Gavin Lambert antlr at mirality.co.nz
Mon Jan 14 03:59:53 PST 2008


At 00:36 15/01/2008, Aravinda Dassanayake wrote:
>The main issue is that the parser doesnt identify a class 
>declaration properly. It is trying to match it to a delegate 
>declaration no matter what I do.

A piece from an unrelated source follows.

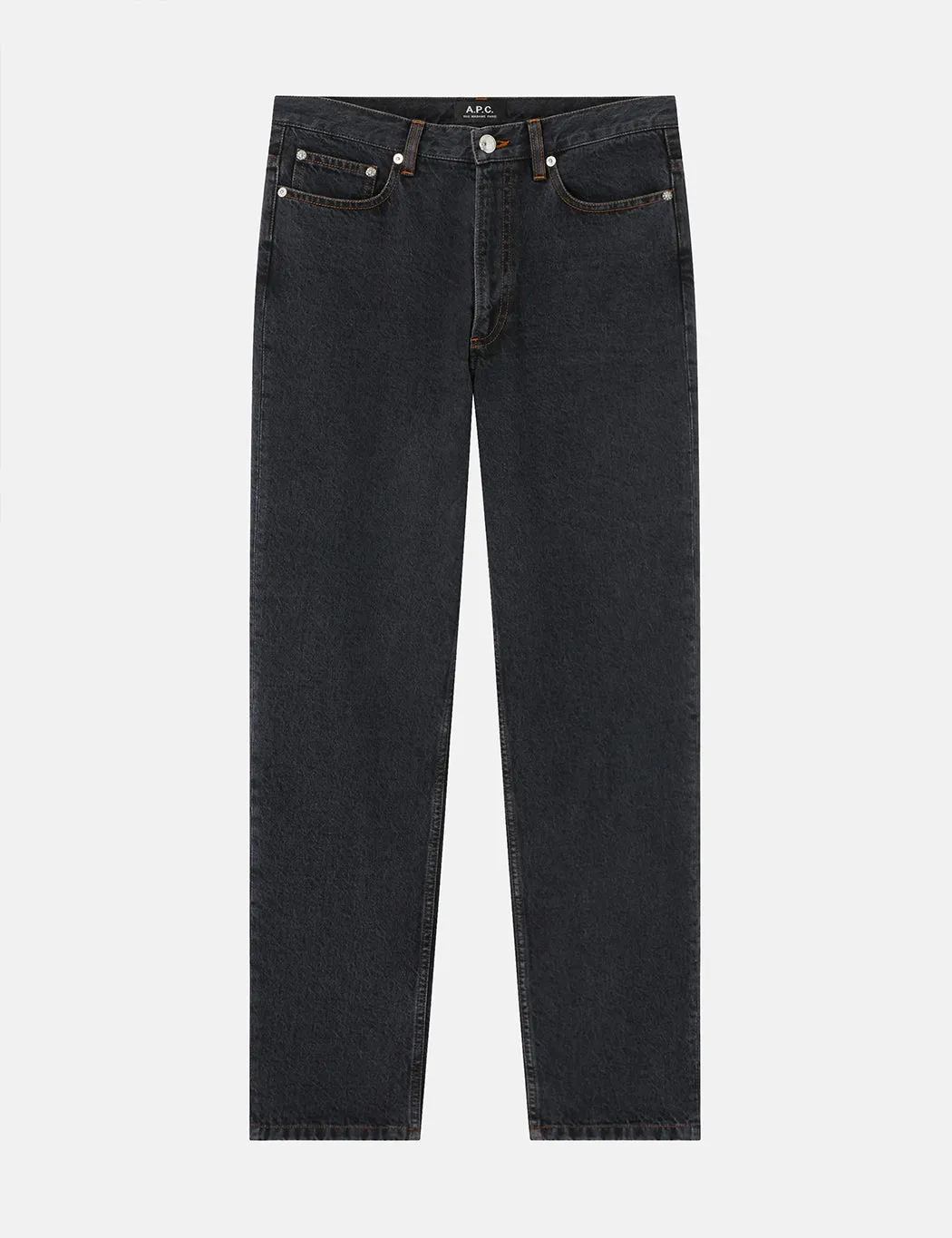 A.P.C. Martin Tapered Jean - Delave Black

The rules in conflict are as 
>follows.
>
>
>type_declaration
>     :
>     class_declaration
>     |struct_declaration
>     |interface_declaration
>     |enum_declaration
>     |delegate_declaration
>     ;
>
>class_declaration
>     :
>     attributes? class_modifiers? 'class' IDENTIFIER class_base? 
> class_body ';'?
>     ;
>
>delegate_declaration
>     :
>     attributes? delegate_modifiers? 'delegate' return_type 
> IDENTIFIER '(' formal_parameter_list? ')' ';'
>     ;

ANTLR's default lookahead disambiguation can't see past loop 
constructs at the moment.  If you need it to, you'll need to tell 
it that it needs to check additional lookahead by adding syntactic 
predicates.  Also, you can probably factor the attributes out:

type_declaration
     :  attributes?
        (   (class_modifiers? 'class') => class_declaration
        |   (struct_modifiers? 'struct') => struct_declaration
        |   (interface_modifiers? 'interface') => 
interface_declaration
        |   (enum_modifiers? 'enum') => enum_declaration
        |   (delegate_modifiers? 'delegate') => 
delegate_declaration
        )
     ;

>class_modifiers
>     :
>     (class_modifier) (class_modifier)*
>     ;

That's a BNF-ism.  You should use this instead (generated code is 
simpler this way):

class_modifiers: class_modifier+;

>class_modifier
>     :
>     'new'
>     |'public'
>     |'protected'
>     |'internal'
>     |'private'
>     |'abstract'
>     |'sealed'
>     ;
[...]
>delegate_modifier
>     :
>     'new'
>     |'public'
>     |'protected'
>     |'internal'
>     |'private'
>     ;

Also, check the generated code for these; make sure it's not 
accidentally generating two separate tokens for e.g. 'new'.  If it 
is, for some reason, then you'll need to use named lexer tokens 
instead of string literals.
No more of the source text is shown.